Northern Nigeria has some of the highest child marriage rates in the world where nearly half of the girls in the region are married by the age of 15, according to UNFPA. Only 4 percent of girls there complete secondary school.
While the situation is grim, the need for improved education access is having a moment in the spotlight.
Since Malala Yousafzai, 17, was nearly killed when she was shot in the head by the Taliban in 2012 while on her way home from school, the vehement activist has brought her education mission around the world.
Yousafzai pressed the U.N. on the inaugural "Malala Day" last year to take swifter action in bringing learning to children in need.

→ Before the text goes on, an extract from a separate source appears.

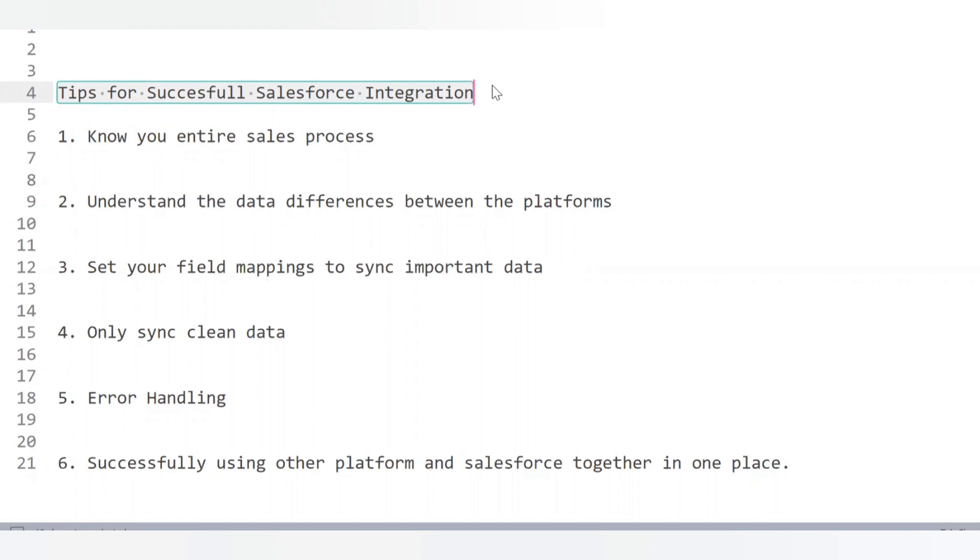If you follow these tips, you will have a successful integration and be able to enjoy all your data in one place. This was the basic intro about Salesforce integration — what the types are, how we can perform it, what the benefits are, and how to achieve a successful integration. From the next video we will discuss more in detail about Salesforce integration and different kinds of integration. I will also upload scenario-based videos on triggers as many of you have requested. Till then, take care, goodbye.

"The extremists were, and they are, afraid of books and pens," she said in her address. "The power of education frightens them. They are afraid of women. Let us pick up our books and pens. They are our most powerful weapons."
That same day, former U.K. Prime Minister Gordon Brown launched a worldwide petition demanding world leaders deliver on the 2015 MDG education goal, and U.N. Secretary-General Ban Ki-moon reiterated his commitment to the Global Education First Initiative’s three-pronged mission. It aims to put every child in school, improve the quality of learning and foster global citizenship.

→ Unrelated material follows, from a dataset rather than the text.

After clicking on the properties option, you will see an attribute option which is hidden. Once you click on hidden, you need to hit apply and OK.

"No child should have to die for going to school. Nowhere should teachers fear to teach or children fear to learn. Together, we can change the picture," Ban said in his 2013 U.N. address.
Yousafzai has continued her tireless advocacy work in the same results-driven vein.
In July, she urged Nigerian President Goodluck Jonathan to promise that he would find the missing girls and offer them scholarships upon their return. She’s also working on increasing educational opportunities for Syrian refugees by developing partnerships with grassroots organizations in Jordan.
It's such on-the-ground work combined with the initiatives of major organizations, like the U.N., that will succeed in changing the culture of education for girls.
In Mampong, Ghana, for example, schools struggle to keep girls enrolled because of the high teen pregnancy rate and that household duties are typically the child’s responsibility. Many girls there believe the misconception that if they don’t have a baby by the time they enter junior high school, their ability to do so will "expire," Agnes Nanor, CARE district coordinator of girls education, said in an interview in May.
But when CARE -- a nonprofit that serves the world’s poorest communities -- staged an "intervention" there, the group was able to dispel pregnancy myths and show girls and their families the value of learning.
Girls’ retention rates before CARE stepped in were 40 percent and now they’ve climbed to 65 percent in Mampong.
Their ambitions have also grown, too.
"My favorite subject is math," Jennifer, a young student in Mampong, told CARE. "When I grow up, I want to be a bank manager."